Your objective:
Pictures are to be left out. Return exactly the lines below from the one with "Померан мини мъжко и женско" up to and including the one with "Laserbeam Acropora WYSIWYG".

Listed entries:
-- Opening Marker --

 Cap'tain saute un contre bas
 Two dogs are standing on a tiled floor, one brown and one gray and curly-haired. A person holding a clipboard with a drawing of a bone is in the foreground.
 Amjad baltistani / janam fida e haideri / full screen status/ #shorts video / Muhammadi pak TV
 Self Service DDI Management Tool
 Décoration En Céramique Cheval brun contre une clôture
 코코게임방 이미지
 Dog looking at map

-- Closing Marker --
-- Opening Marker --

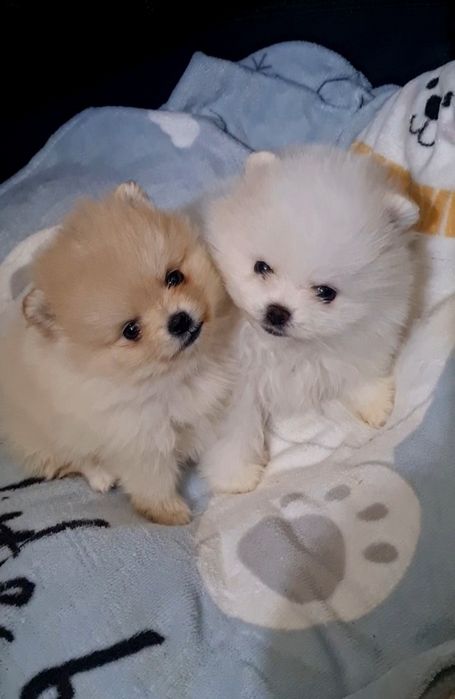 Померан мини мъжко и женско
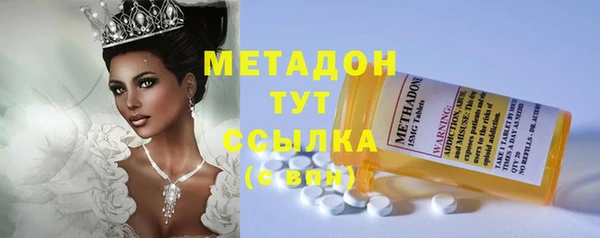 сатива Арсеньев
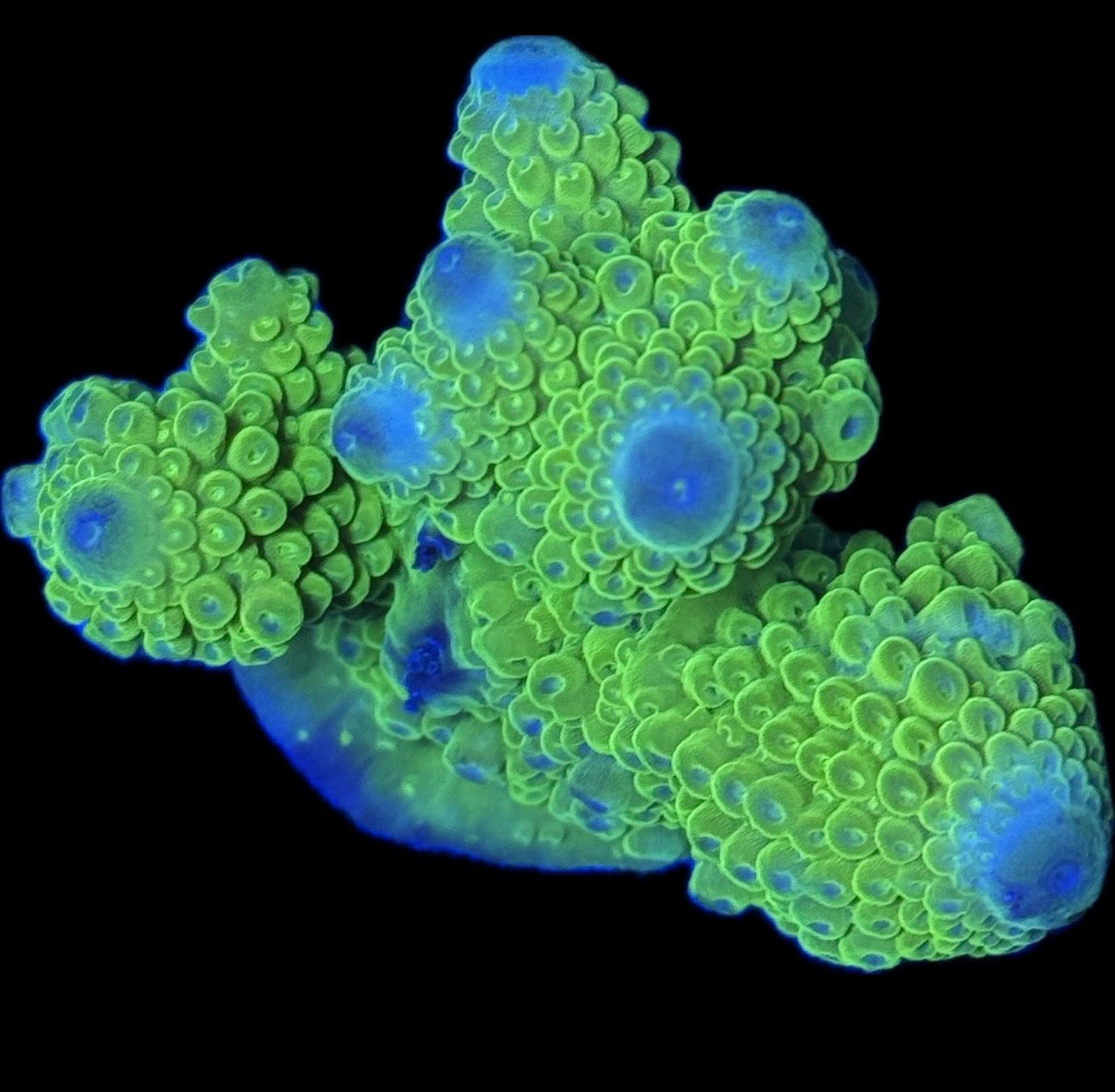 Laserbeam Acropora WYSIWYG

-- Closing Marker --

Reply:
 Померан мини мъжко и женско
 сатива Арсеньев
 Laserbeam Acropora WYSIWYG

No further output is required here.